• Dataset excerpt:
┌──

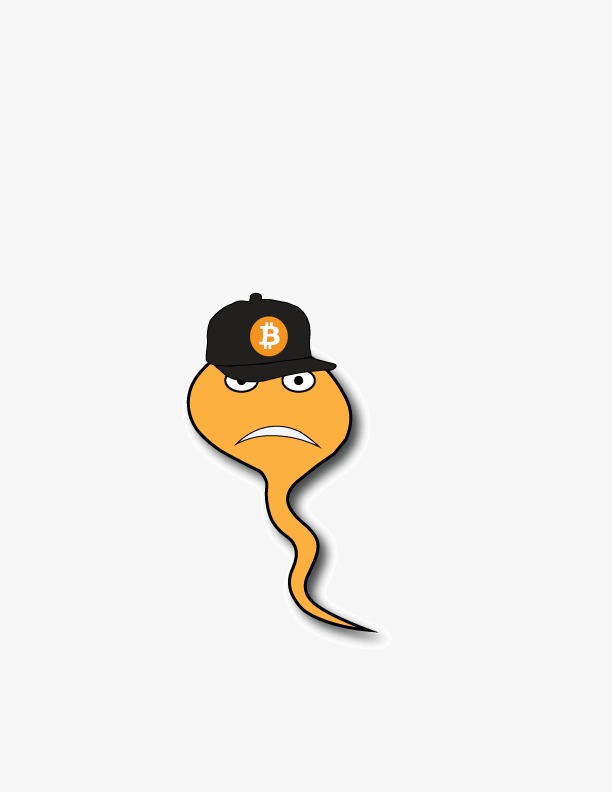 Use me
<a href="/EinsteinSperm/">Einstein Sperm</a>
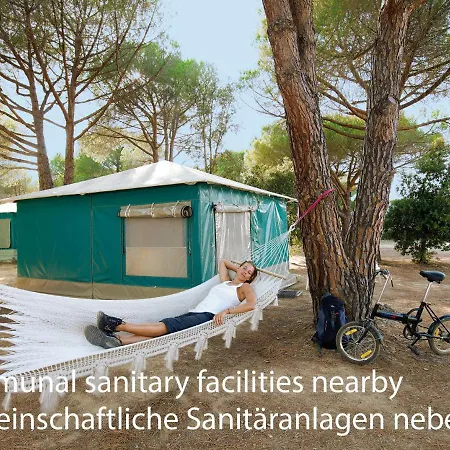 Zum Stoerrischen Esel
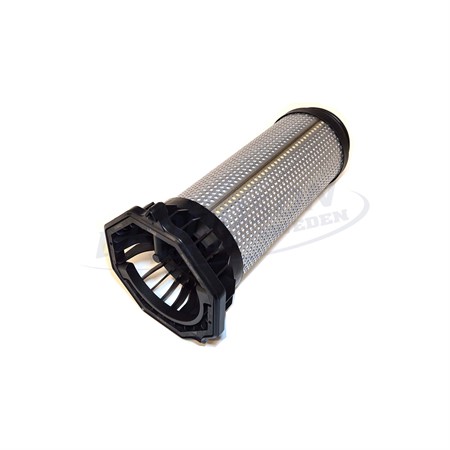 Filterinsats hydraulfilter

└──

• Problem statement: Transcribe each line above verbatim, with the pictures left out.

• Response to the exercise:
 Use me
<a href="/EinsteinSperm/">Einstein Sperm</a>
 Zum Stoerrischen Esel
 Filterinsats hydraulfilter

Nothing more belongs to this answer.